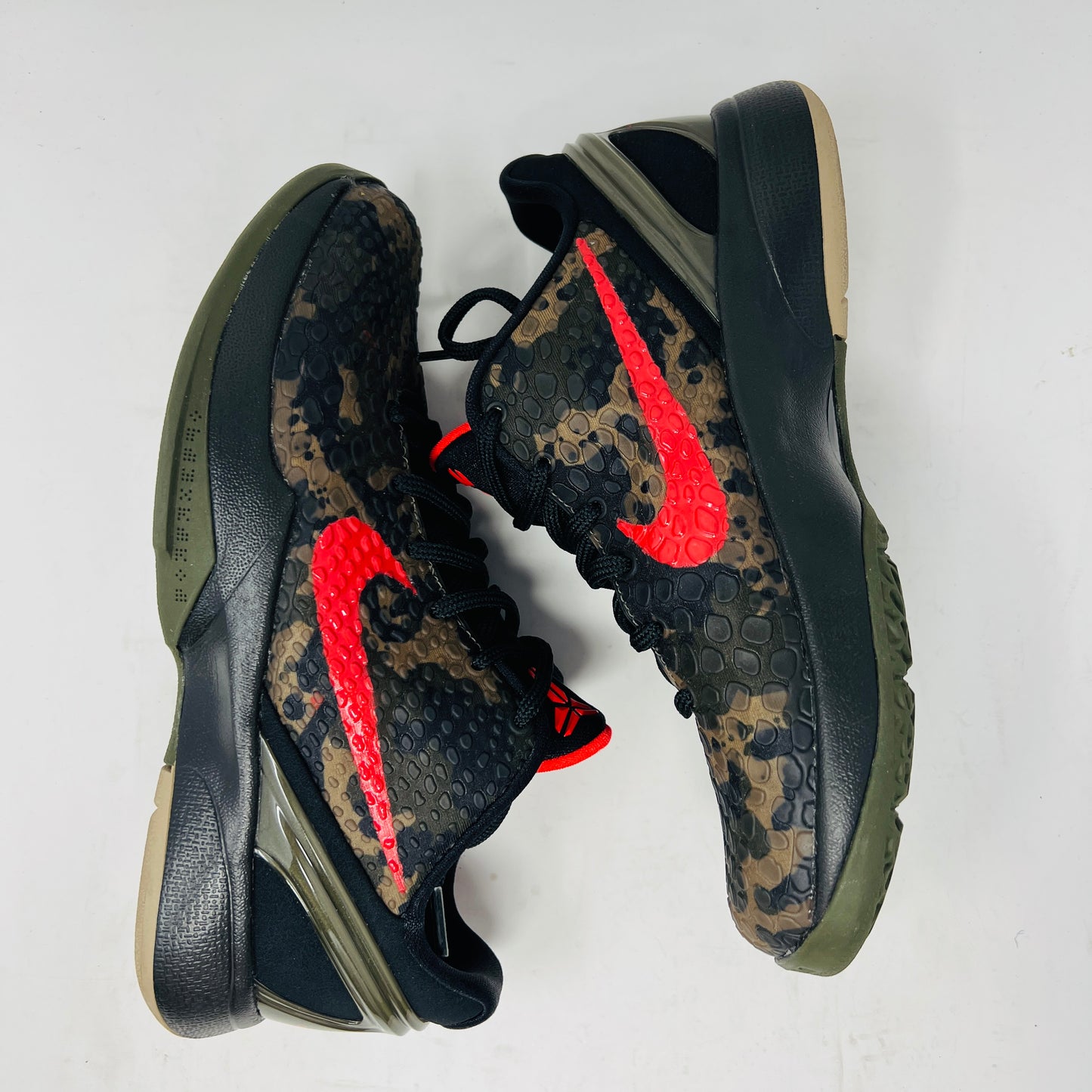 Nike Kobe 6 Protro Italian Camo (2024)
* * *
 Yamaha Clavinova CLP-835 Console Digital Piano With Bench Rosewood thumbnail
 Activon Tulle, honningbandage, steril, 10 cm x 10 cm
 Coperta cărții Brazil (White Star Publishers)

Prompt: Only those lines of the entries above that run from the line containing "Activon Tulle, honningbandage, steril, 10" to the line containing "Coperta cărții Brazil", both included, should be transcribed exactly.

The answer:
 Activon Tulle, honningbandage, steril, 10 cm x 10 cm
 Coperta cărții Brazil (White Star Publishers)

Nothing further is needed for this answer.